Vécues comme autant de témoignages de reconnaissance de leur dignité, ces rencontres et l'entrée en responsabilité, dont elles ont été l'une des clés, contribuent à rendre compte du cheminement des pères. La marque la plus évidente, peut-être, de l'élan retrouvé s'exprime dans un chiffre : en mars, quatre des huit membres de l'atelier ont trouvé du travail. Mais cette donnée ne résume pas, à elle seule, une évolution qui se traduit, aussi, par un départ en cure de désintoxication, des démarches engagées pour obtenir la garde d'enfants placés, d'autres ayant abouti à l'obtention d'un droit de visite, ou encore une installation en couple.
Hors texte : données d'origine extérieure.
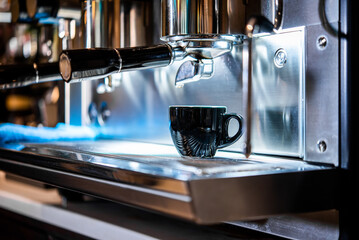 Cup of coffee in the coffee machine ready to start the breakfast service in a restaurant. Waiters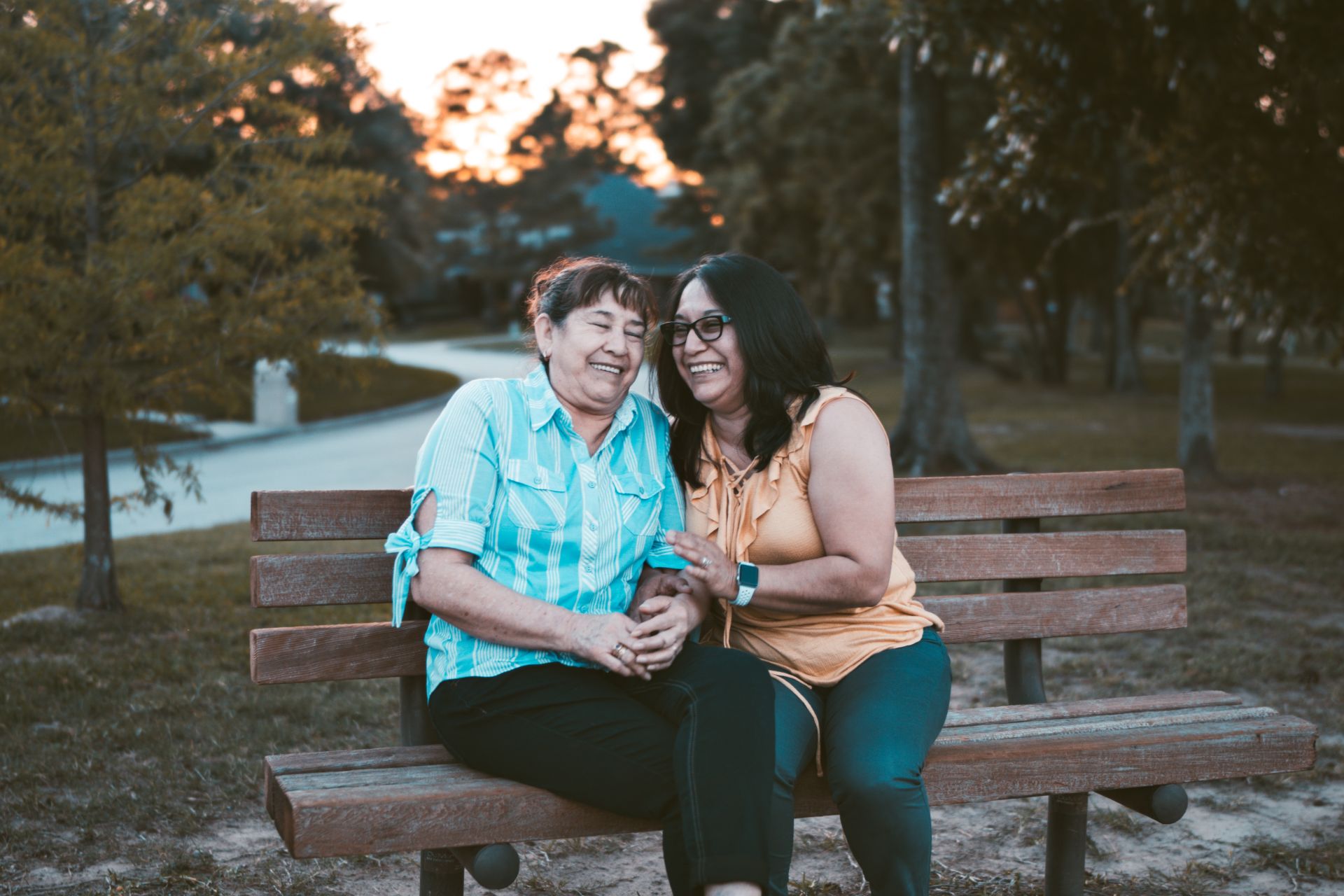 Two intergenerational women sitting close together on a park bench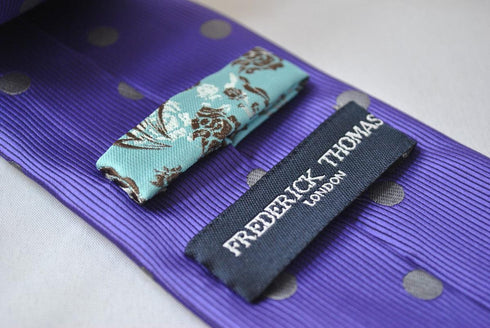 purple tie with grey polka dots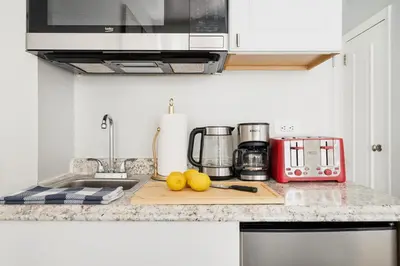 a kitchen counter with some fruit on a cutting board at 73-1503 Newly Reno Studio UWS Doorman Gym Laundry in New York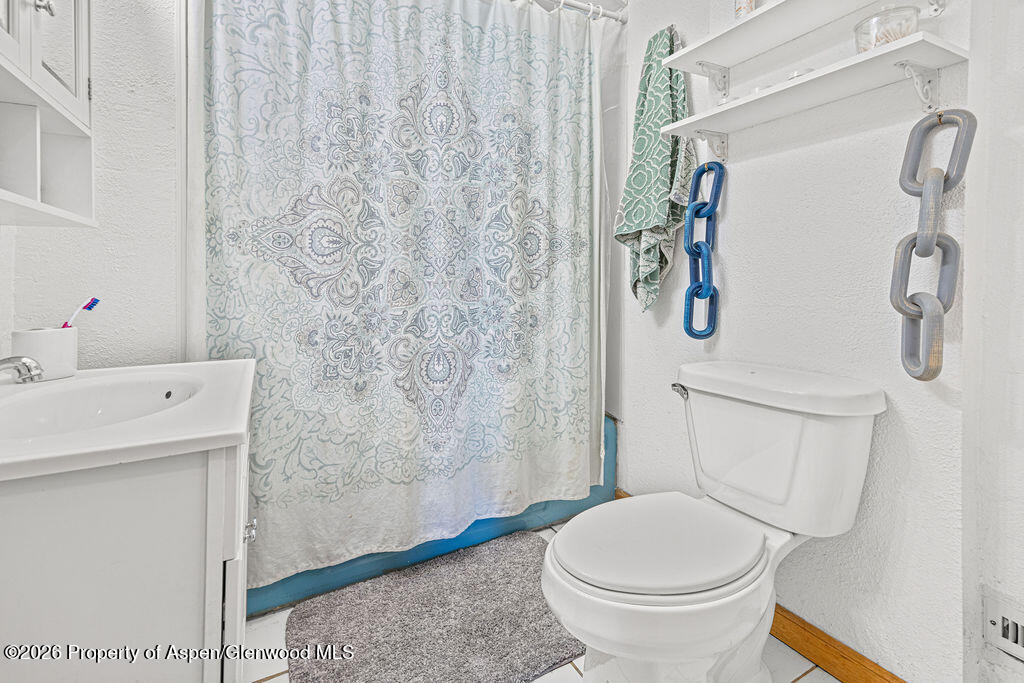 604 Tucker Street Craig, CO 81625 - Photo 17 of 35 a bathroom with a toilet and a shower curtain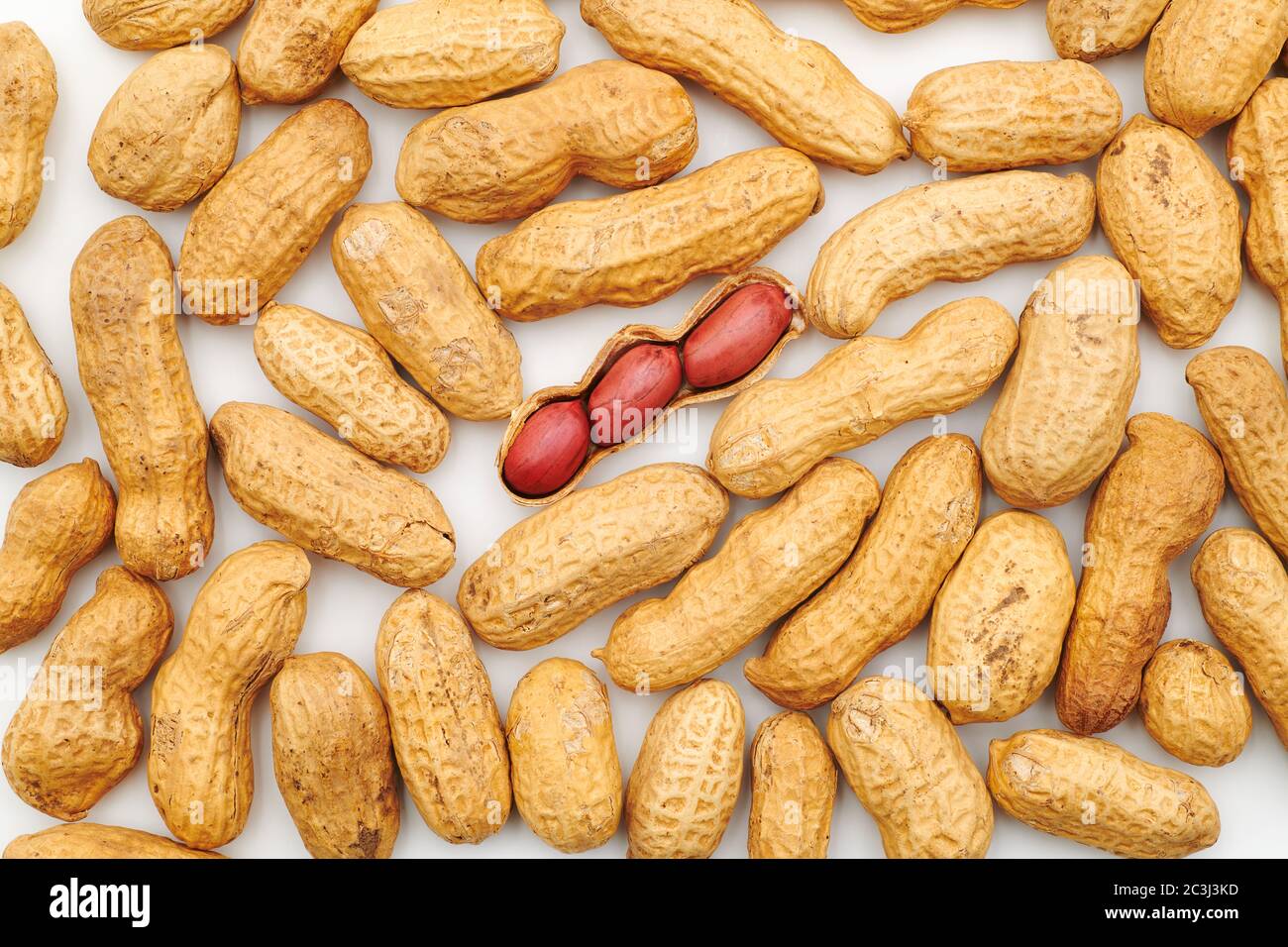 Peanuts background with one opened peanut nutshell containing three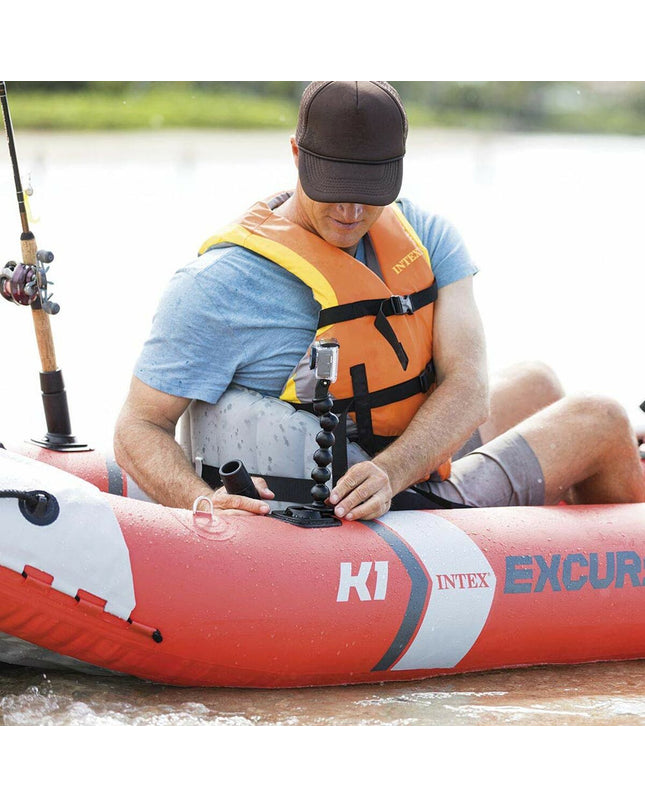 Inflatable kayak Intex Excursion Pro in blue with black accents, featuring seating area and paddles, suitable for outdoor watersport adventures.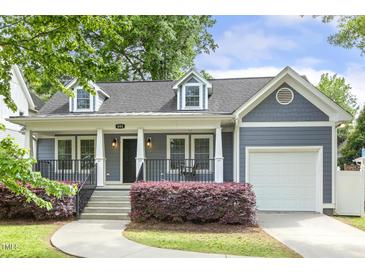 Charming home exterior with blue siding, covered front porch, manicured shrubs, and attached one-car garage at 604 Mills St, Raleigh, NC 27608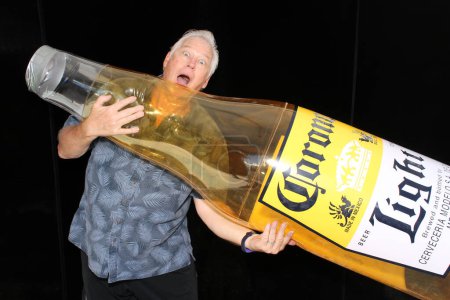 Téléchargez les photos : Lake Forest, Californie - États-Unis - 15 mai 2016 : Un homme tient une bouteille de bière Corona gonflable alors qu'il sourit et pose pour que ses photos soient prises dans un photomaton - en image libre de droit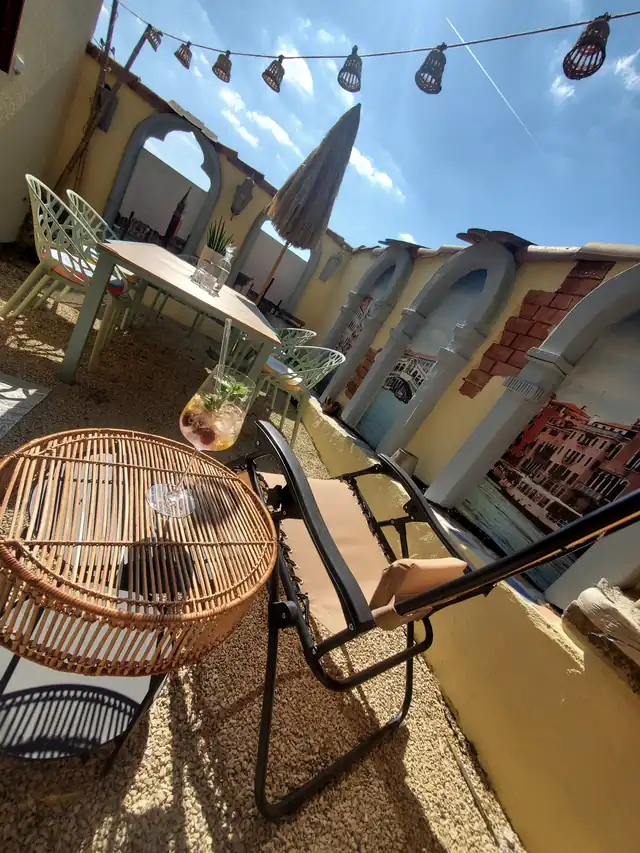 Innenhof mit Wandgestaltung im Stil venezianischer Bögen, Lichterkette und Sitzplatz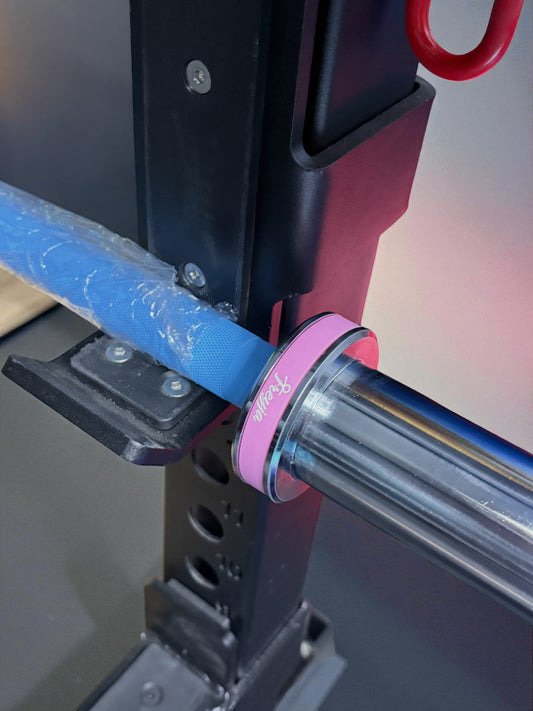 Close-up of a 7.5kg blue technique barbell with pink collar, secured on a black rack for weightlifting practice.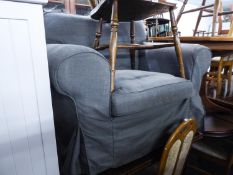 A LOUNGE ARMCHAIR WITH GREY LOOSE COVER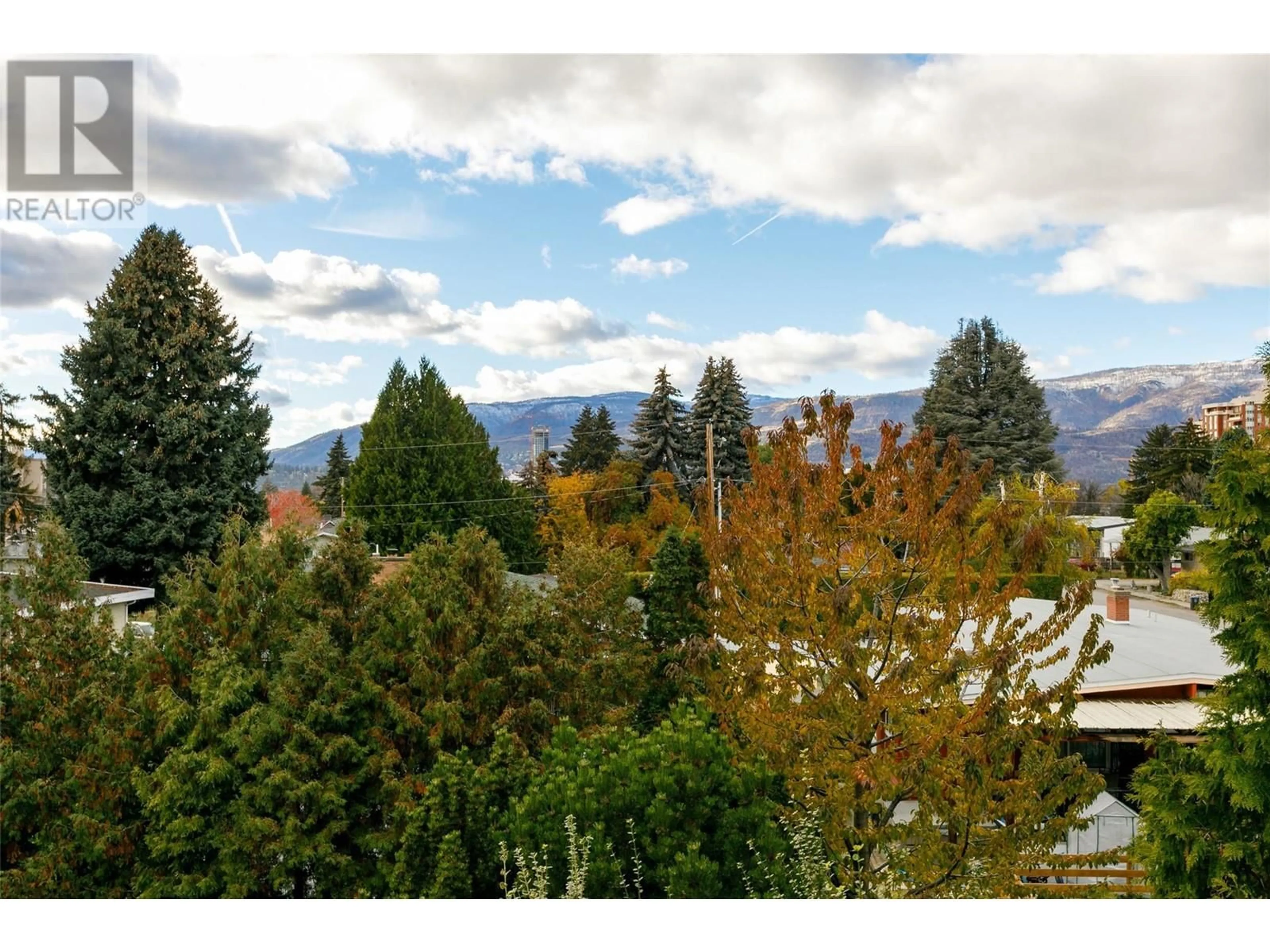 A pic from exterior of the house or condo, the fenced backyard for 1674 Thayer Court, Kelowna British Columbia V1Y8M2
Le champ que chacun a progressivement réussi à prendre par rapport à sa propre histoire et l'accès au symbolique qu'a permis la création de photographies font également partie des acquis importants du travail réalisé. « Que c'est beau ! C'est nous qui avons fait ça ? » : devant les premiers tirages de leurs œuvres, leurs auteurs n'en revenaient pas. Mais désormais, ils en étaient sûrs : ces photos à travers lesquelles ils avaient cherché à communiquer leur vision de la paternité, ils pourraient les montrer avec fierté. D'entrée de jeu, bien sûr, les membres de l'atelier savaient que leur création ferait l'objet d'une exposition et servirait de support de réflexion sur la parentalité (3). Plusieurs, aujourd'hui, ont franchi un pas supplémentaire : ils se disent prêts à jouer un rôle de relais et à accompagner, ici ou là, des images qui parlent si bien d'eux-mêmes qu'elles peuvent parler à tout le monde.
A l'origine, les concepteurs de l'atelier avaient l'intuition des dégâts que peut occasionner, en termes de disqualification personnelle et sociale, la perte de l'exercice de la paternité. Et ils tablaient, a contrario, sur les bénéfices d'un étayage susceptible de restaurer l'estime de soi des intéressés. Actuellement en cours, une recherche est menée pour évaluer, aussi précisément que possible, l'intérêt du dispositif. On peut, néanmoins, d'ores et déjà, affirmer que les participants ont, au minimum, retrouvé l'envie d'avancer. Leurs difficultés ne se sont évidemment pas volatilisées, mais le regard positif porté sur eux, et l'attention nouvelle dont ils ont été l'objet, leur ont, d'une certaine manière, conféré la légitimité à se sentir et à pouvoir se dire pères. « Cet atelier, c'est ma légion d'honneur », résume l'un des participants. « Tant que je pourrai, ajoute un des ses pairs, je ferai passer des messages pour d'autres papas qui n'ont pas la chance de pouvoir être reconnus dignes d'être papas. » Cette chance sera bientôt offerte à d'autres pères valenciennois : un nouvel atelier, où retrouver foi en sa paternité, débutera à l'automne.
Caroline Helfter
(1) Aujourd'hui, l'association accueille également des femmes seules ainsi que des couples avec ou sans enfants - La Pose : 9, rue Abel-de-Pujol - 59300 Valenciennes - Tél. 03 27 47 22 99.
(2) Publiée par La Pose et disponible à l'association (89 F).
(3) L'exposition « Regards de pères » peut être demandée à La Pose.